2 hours ago, Lorin Millsap said:

If you think this is a good explanation and approach I can add it to my original post.

This is application and expansion card dependent, so I don't see a need to be too prescriptive. The main requirement is that every DMA controller needs a "DMA enable" register whose reset state is disabled. DMA controllers may take the bus only when enabled and software may enable only one DMA controller at a time. The application can decide on enable scheduling in multi-controller situations. The main point expansion card designers need to know is that multi-controller arbitration is software, not hardware controlled.

I still say using SYNC is better than using /ML. It costs the same and avoids adding restrictions like "don't access Vera auto-increment registers if a DMA controller is enabled".

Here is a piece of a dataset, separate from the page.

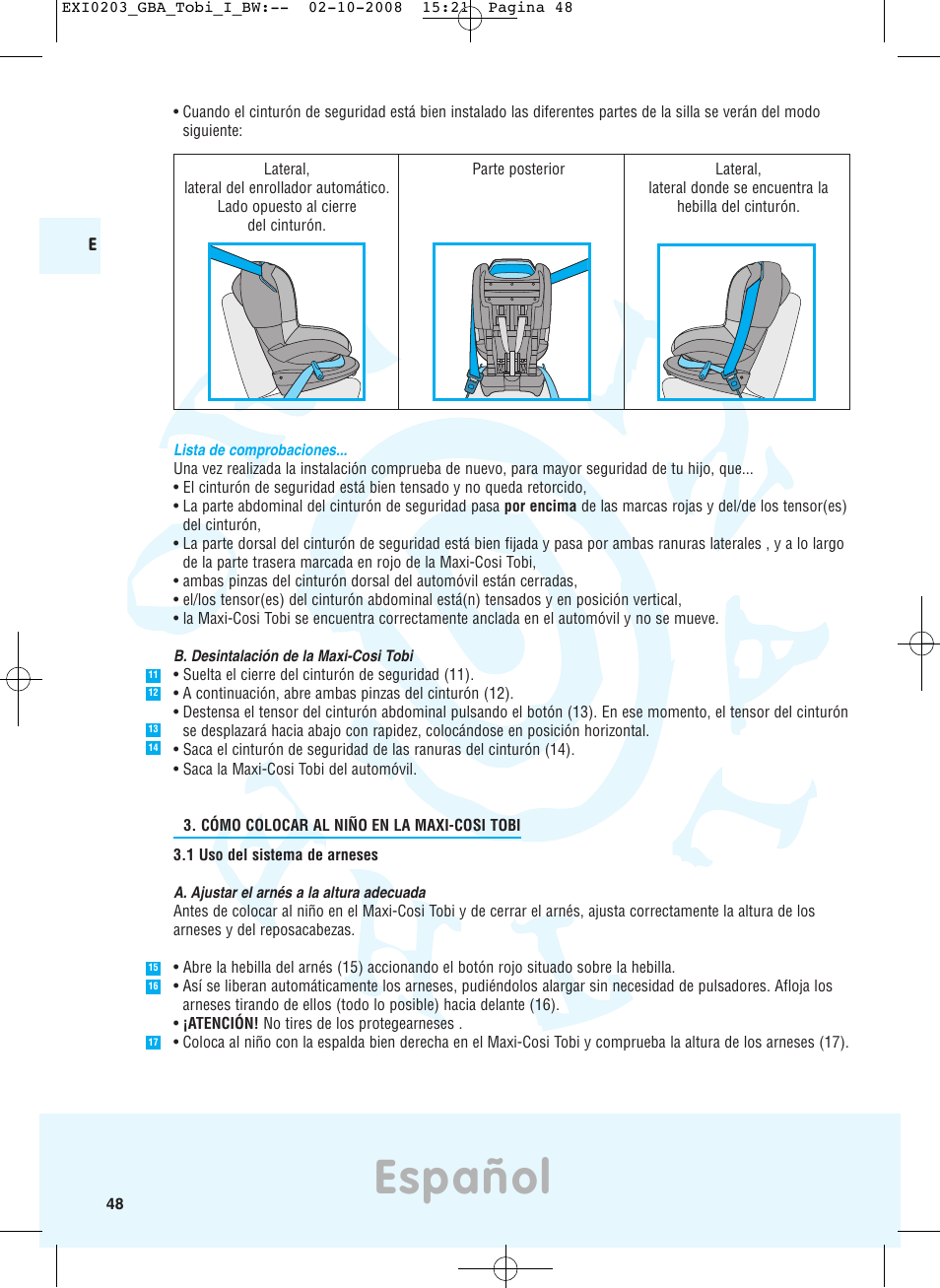 Español | Maxi-Cosi TOBI DRU0632 User Manual | Page 44 / 74 | Original mode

2 hours ago, Lorin Millsap said:

the CPU clock is cleaned up so you always get nice square waves

That's a nice improvement over proto#2.

neutrino · Post by **neutrino** » Wed Oct 19, 2022 10:53 pm

It might be necessary to make difference between DMA and Bus Mastering. DMA enables transfers faster than the CPU. And Bus Mastering enables a device to take over the computer completely provided DRAM refresh etc is alright. With an onboard DMA, devices won't need to replicate this functionality and can be made simpler.

Another option is to have bus mastering available and an add-on card that upon software commands disables the CPU, transfers data and then release control.